Until a half century ago or so, there was a moral consensus, however fraying, that informed and shaped the exercise of freedom in the Western world. The self-determination of human beings, of citizens in self-governing political orders, presupposed a civilized inheritance that allowed free men and women to distinguish, without angst or arduous effort, between liberty and license, good and evil, honorable lives and dissolute and disgraceful ones. Few would have suggested that liberty and human dignity could long flourish without a sense of moral obligation and civic spirit on the part of proud, rights-bearing individuals.
Since this moral consensus could be readily presupposed, Americans (and other free peoples) could – and did – abridge the language of politics to give priority to rights over duties, choice over the content of what was chosen, and the pursuit of happiness over the pursuit of truth and virtue. But this was precisely an abridgement because the other half of the equation was always more or less presupposed. The American Founders, for example, were in no way moral relativists, let alone moral nihilists. Rejecting religious sectarianism and the forceable political imposition of religious truth, they nonetheless appealed to honor, civic virtue, and the “honorable determination” of a free people to govern themselves. Facile relativism or easygoing nihilism, where all “values” are created equal, would have appalled them. The idea that moral judgments are utterly arbitrary, that distinctions between right and wrong, and better and worse ways of life, are wholly subjective, was completely alien to them. Almost all of them spoke of a human “moral sense” without which freedom degenerates into moral anarchy and despotic self-assertion.

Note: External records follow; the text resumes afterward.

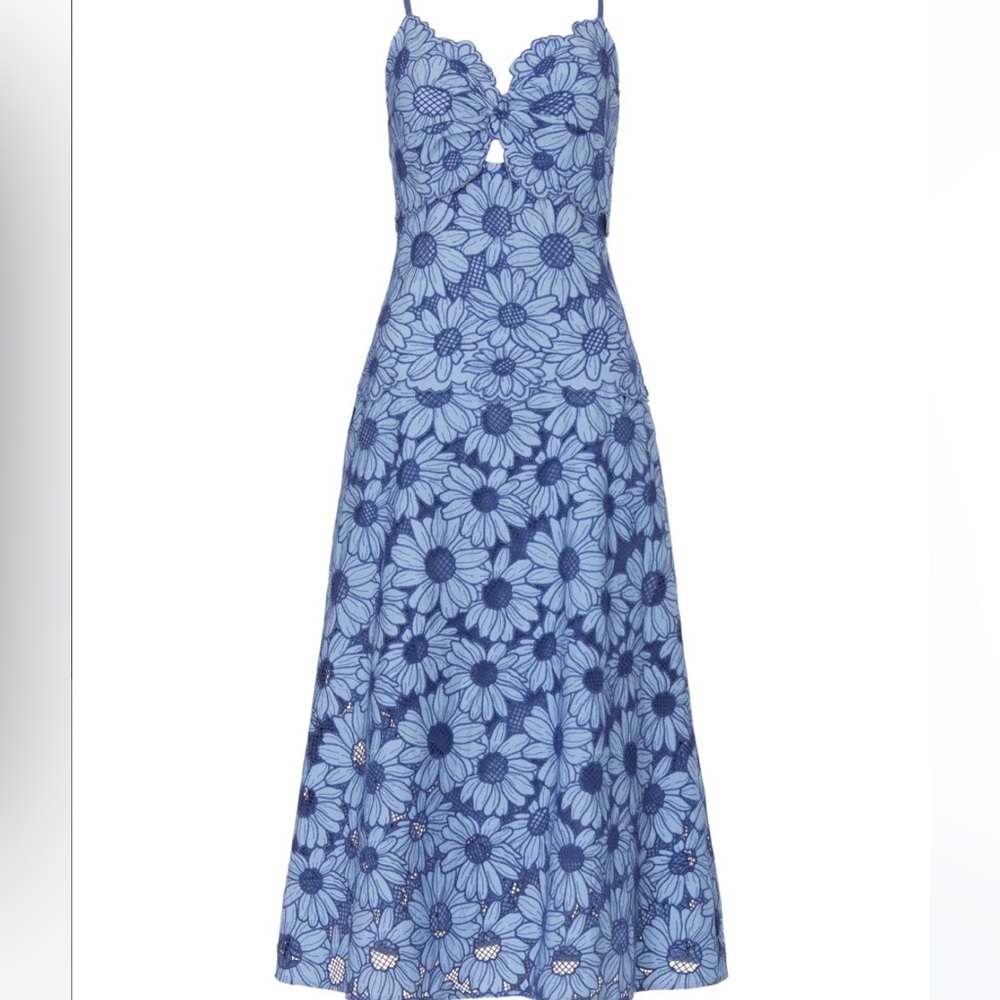 Sandro Blue Floral Midi Dress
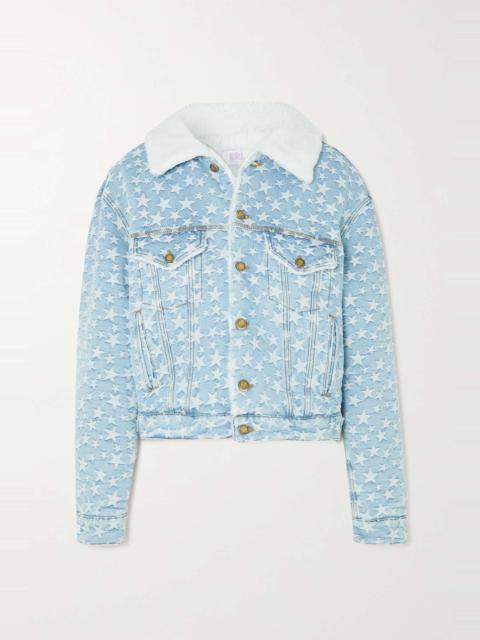 Fleece-trimmed denim-jacquard jacket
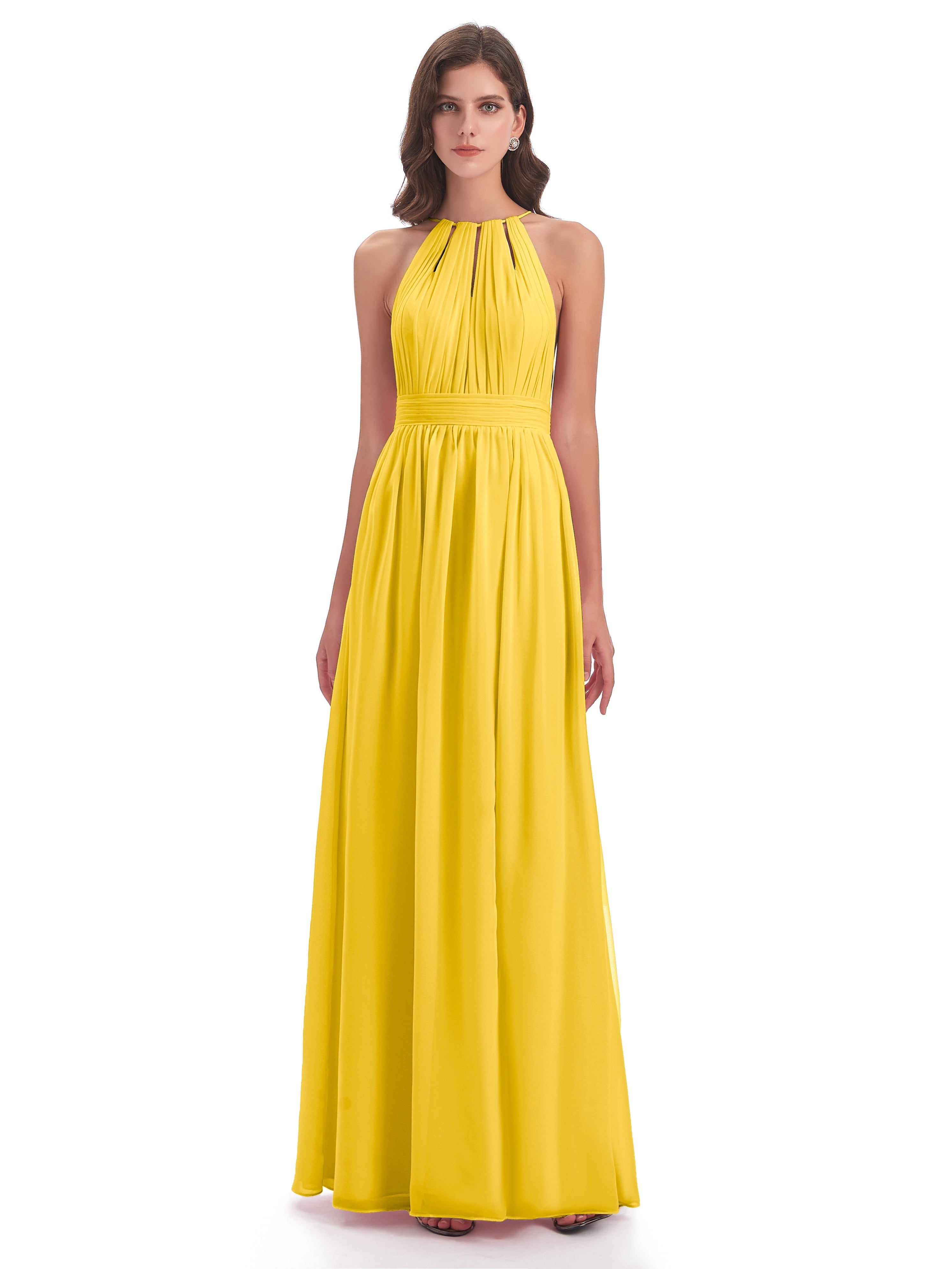 Robe De Demoiselle D'Honneur Souci Fendue Devant Licou Mousseline Robes Demoiselle D'Honneur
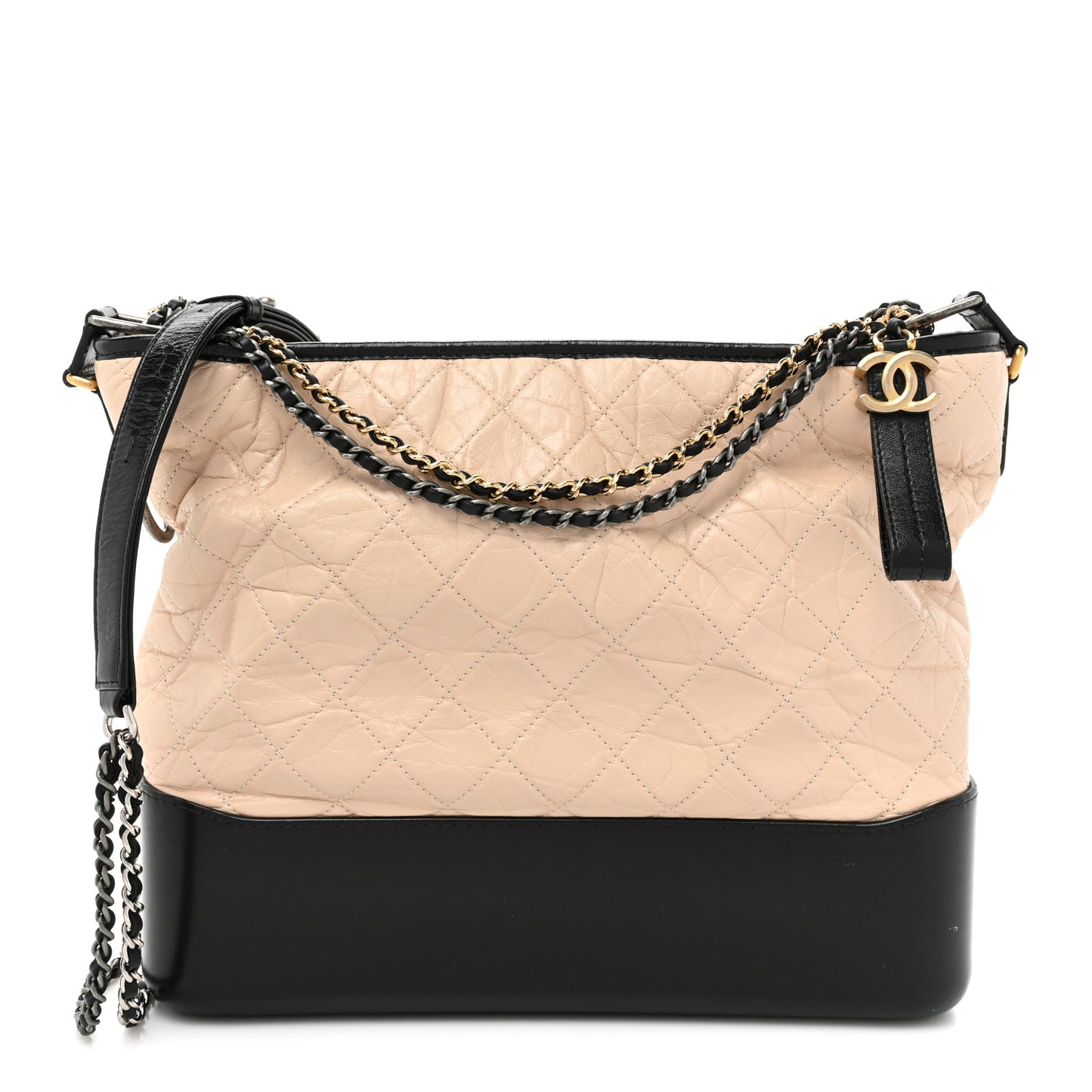 Aged Calfskin Quilted Large Gabrielle Hobo Beige Black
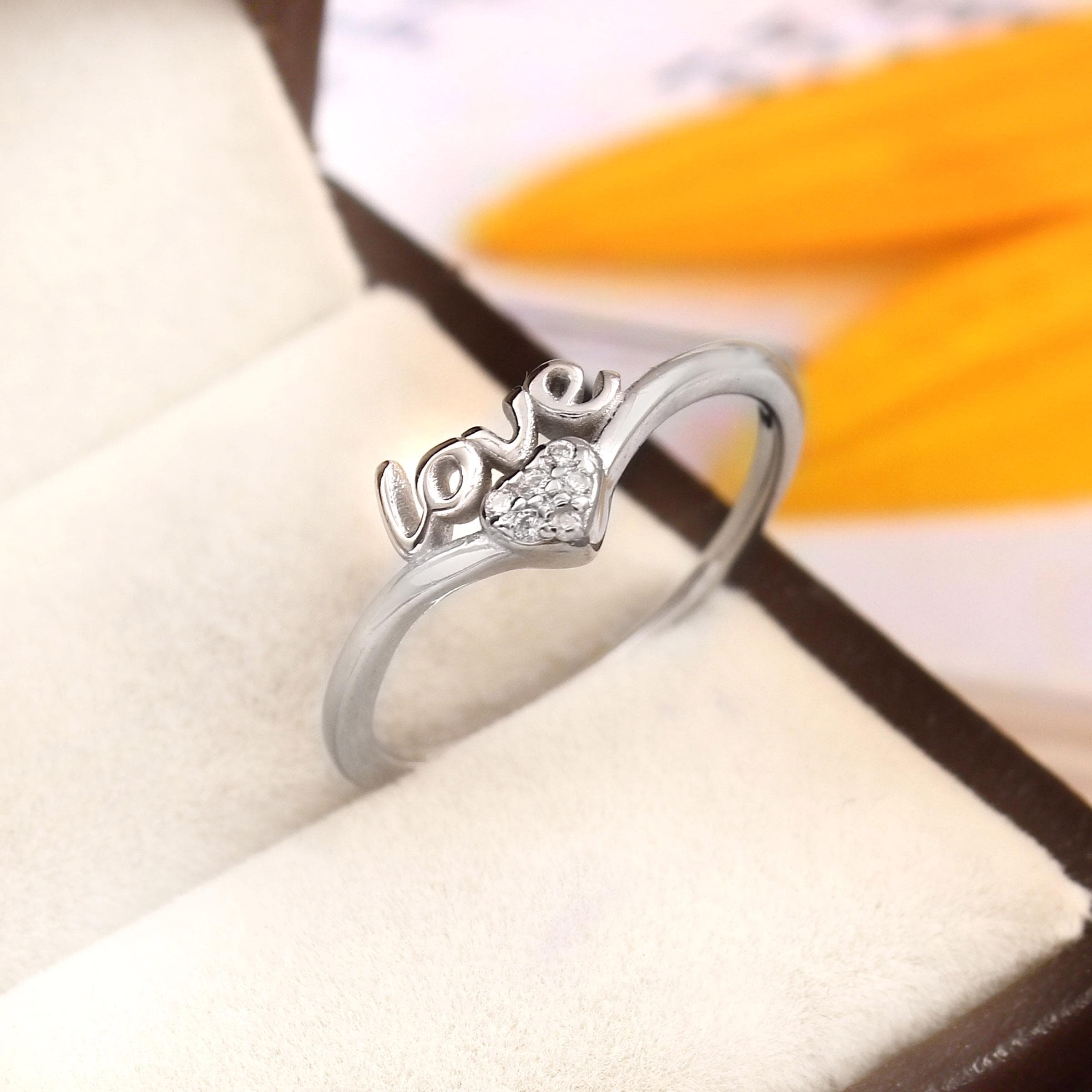 Love Word Sterling Silver Ring, Cubic Zirconia Pave Heart, Minimalist Jewelry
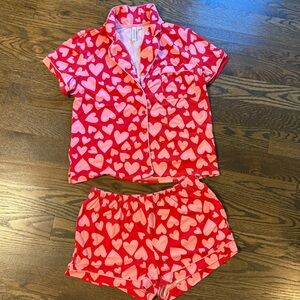 Joyspun Red and Pink Heart Pajama Set. Women’s size M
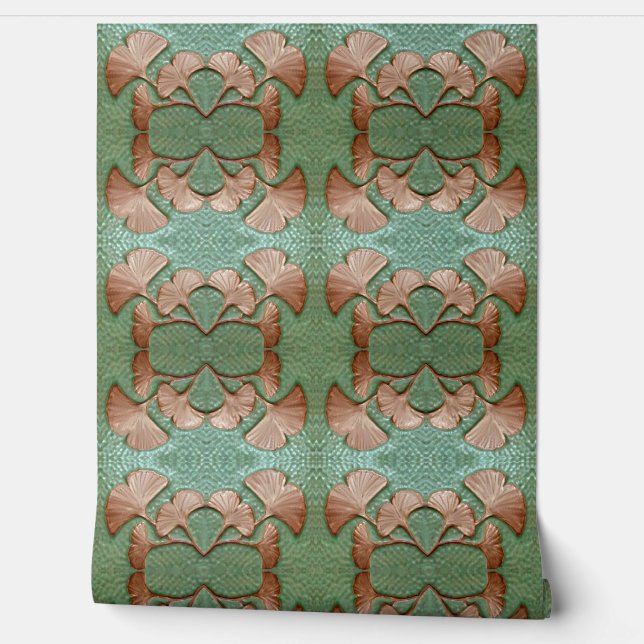 Groen en koper Gingko 2' x 4' Behang (Afrollen)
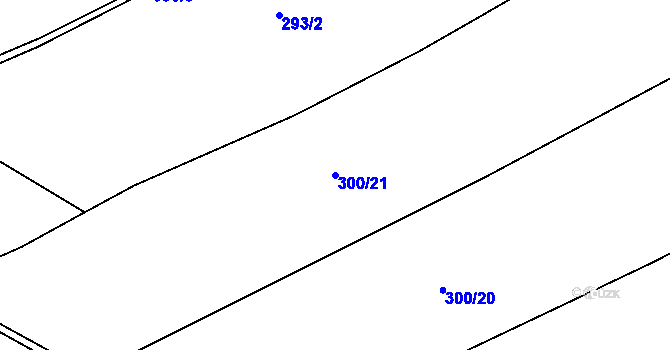 Parcela st. 300/21 v KÚ Strakov, Katastrální mapa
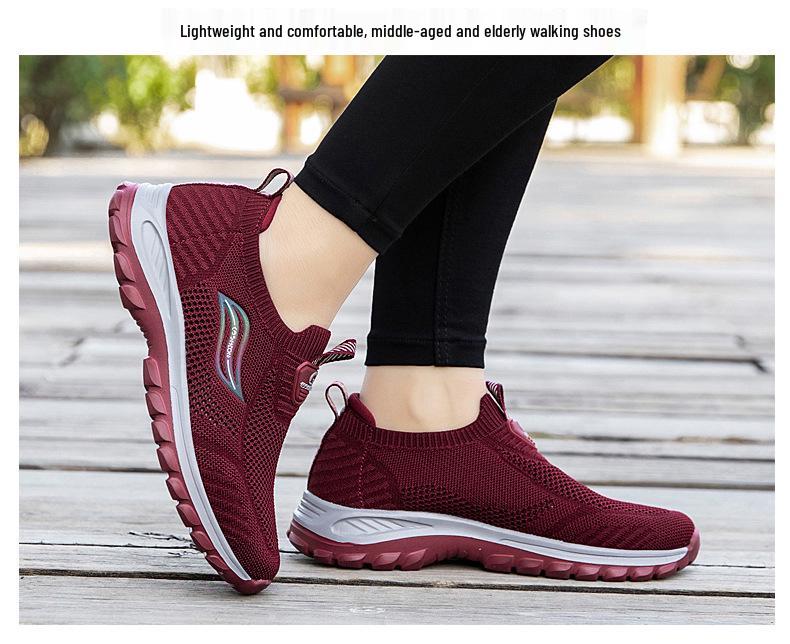 Zhang Kaili Men's Summer Slip-On Mesh Breathable Non-Slip Lightweight Comfortable Elderly Sports Dad Shoes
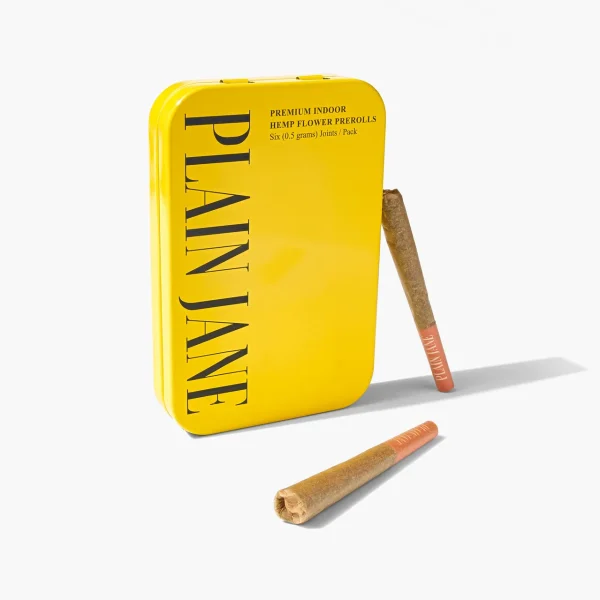 Plain-Jane-Cherry-Creme-Brulee-6-Pack-Joints-yellow-tin-no-sticker___00580.1736038496 Plain Jane Eighth Pack CBG Pre-Rolled Joint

...All the prominent Founders were fundamentally anti-utopian (even Tom Paine), and had, as Reinhold Niebuhr pointed out, an acute sense of human sinfulness and imperfection. They were not the Puritans or Calvinists of old, but neither did they endorse the materialism and reductionism of the radical Enlightenment or its misplaced belief in an ideology of Progress. They still believed that human beings had souls and were much more than matter in motion. They had no trouble rejecting both the theocratic temptation in politics and a relativism that severed the essential connections between truth and liberty, freedom and the pursuit of the good life. Moral subjectivism (“Who’s to say what is right and wrong?”) was wholly alien to their hearts and minds, precisely because they were civilized men and women.
We now live in a different moral universe, and by no means a better one. Of course, inspired by Abraham Lincoln, Frederick Douglass, and the early civil rights movement, we have made considerable progress in overcoming racial injustice, and the legacy of the great injustice that was chattel slavery. That is all to the good. But an emphasis on inclusiveness, however necessary and legitimate, does not define or exhaust the moral foundations of democracy. Today, even religious believers habitually speak of morality in terms of “values,” a term derived from economics which suggests that something is good because we value or choose it (its modern use was made famous by Friedrich Nietzsche and Max Weber). Whether people who use that language know that they have succumbed to what C.S. Lewis derided as “the poison of subjectivism” is largely beside the point. As Allan Bloom argued in The Closing of the American Mind over thirty years ago, the language of values, and the language of right and wrong, are by no means the same thing; they ultimately point in different directions. The latter partakes of confidence in the reality of moral facts, the former of thoroughgoing relativism and subjectivism. Language matters, and the language of “values” is, whether we like it or not, the language of moral relativism, even moral subversion. Of course, some thinkers of note use the language of “values” and “disvalues” while dissociating those terms from a framework of moral relativism. But there is peril in that path.